Alice in Shipland: One Week Down

Some things that have happened so far:

-In the middle of the week the producer took the cast out to a fancy French Bistro on board with SC footing the bill. I ordered four desserts.
-We have to wear Britney mics for our shows.
-I made friends with a guy from Albania during lifeboat drill.
-I accidentally fell asleep in a deck chair for twenty minutes on the first day at sea, and my right leg only got sunburned.
-In Mexico my roommate and I went to Cozumel Kmart for “essentials.” I bought a Hello Kitty pillow for my bed.
-I sleep on the top bunk, which is like a soft coffin. The ceiling is right in my face, but the room is pitch black at night, and the boat rocks me to sleep. Pictures of my friends surround me. And now I cuddle Hello Kitty’s fat face.
-The social dynamic within the cast is so specific to this experience. I don’t know some basic facts about most of my crew, but if something personal sprouts in the conversation everyone pretty much goes there because, well, we’re going to be together on this floating rock, so there’s no use hiding.
-Anxieties I haven’t felt since high school have reared their heads. I worry no one likes me.  Or I like everyone too much. In the wide world, none of that matters, but in ship world where there are SIX OF US, it can be scary. I have more empathy for people from small towns and the emotional turmoil that must entail.
-Crew bar is very cheap and very friendly.

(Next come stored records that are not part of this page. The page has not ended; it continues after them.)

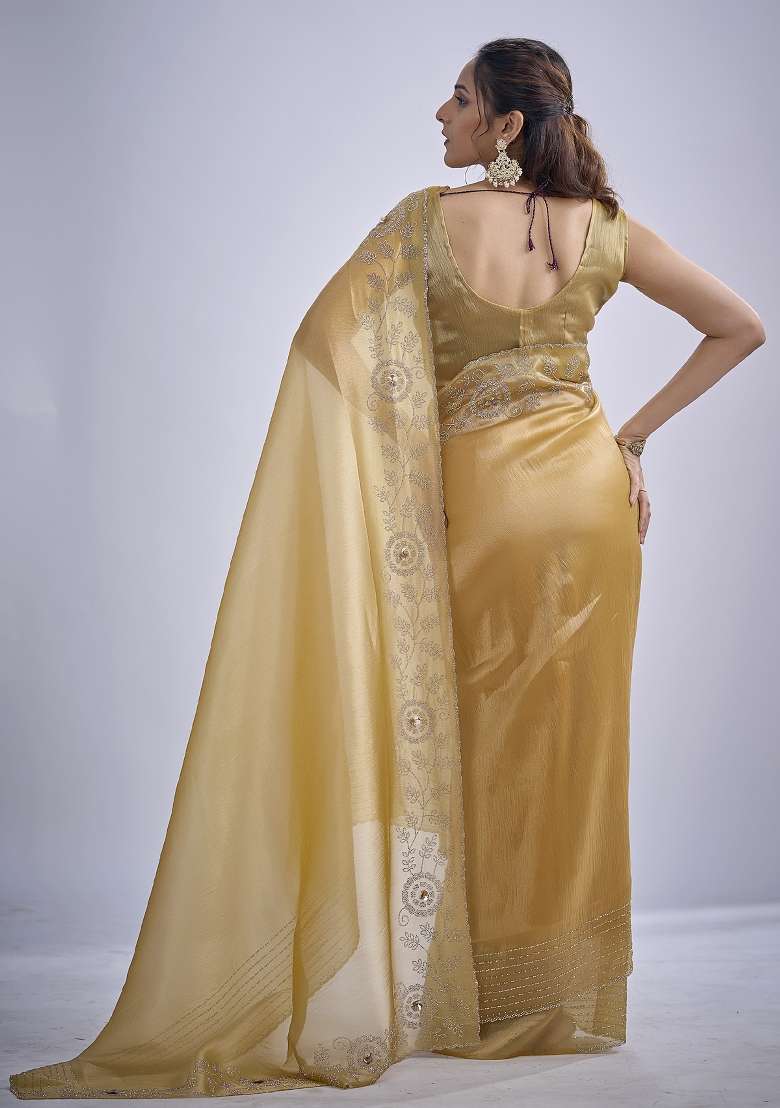 Mustard Sequin Work Silk Blend Saree Set for Diwali and Festive Wear - Indya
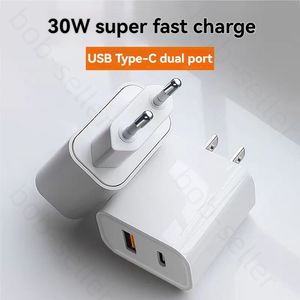 Mobiele telefoonladers 30W European American Standard Charger geschikt voor iPhone 15 Samsung S24 Huawei Tablet snel opladen Portable Travel oplaadhoofd USB Type C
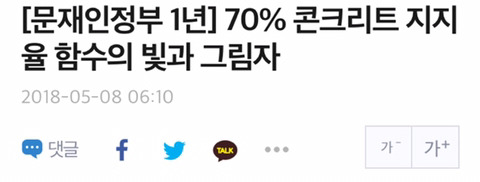 [문재인정부1년] 70% 콘크리트 지지율 함수의 빛과 그림자 | 인스티즈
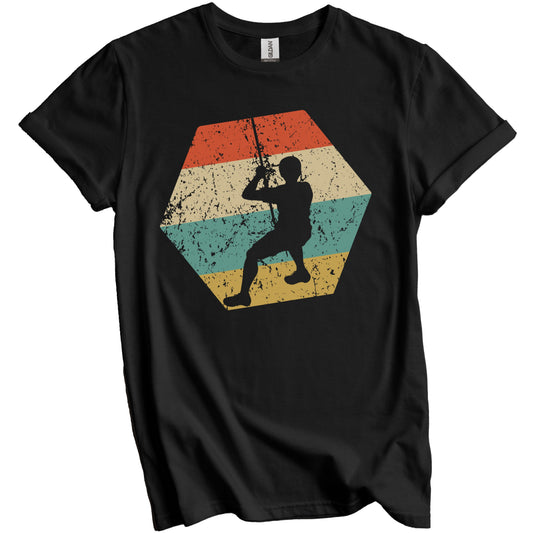 Rock Climber Retro Distressed Hexagon Rock Climbing T-Shirt
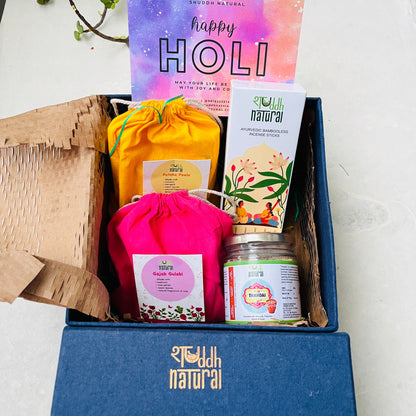 Holi Celebration Set | Herbal Gulal, Thandai & Ayurvedic Agarbatti | Set of 5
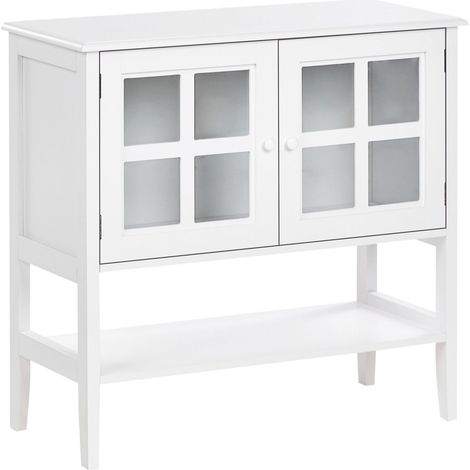Credenza Soggiorno Camera da letto Armadio 2 porte MDF Con ripiano inferiore Bianco Inlet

Everyone goes and hangs out there late into the night. One night the bar was moved from under the ship to above the pool deck. The wind was whipping so hard my hair grew a dreadlock, but I was outside in February, in shorts, laughing with new people, zooming over the ocean at 1 AM. Not too bad.
-Things felt a little weird until our first show. I don’t do well sitting in situations where my purpose has not been revealed yet. The sketch show—while a typical canon of safe and family friendly jokey joke scenes—felt huge. Hundreds of people were hooting at us. Surreal.
-I am nobody until show night, and then I am a mini-celebrity. Especially if a couple or more of us are walking through the pool deck, passengers smile and wave.
-In real life I listen to Spotify for all my music needs, which means I’m usually pumping whatever tunes have recently caught my ear. Now I am alone with my iPod that hasn’t been updated since college. I run the track above the food court and remember all of the albums that meant so much to me at a very different time.
-I love my roommate MB. I missed female sounding boards when I left Arizona, and I feel like the world plopped this queer tiny room with two people situation into my lap as a response. We slap on pjs and girl talk into the dark tiled void.
-I like the rest of the cast too--including the producer and director who were on board for the first week. Some highlights include doing magic tricks and playing late night celebrity in a conference room, sitting in the swanky Star Bar after our first show, rehearsing a murder mystery in a restaurant alcove.
-Once a week I visit port in New Orleans, which is where I write this now. I have felt fidgety a few times, maybe fussy, but back on land perspective flows easily, and I am so looking forward to the rest of this adventure.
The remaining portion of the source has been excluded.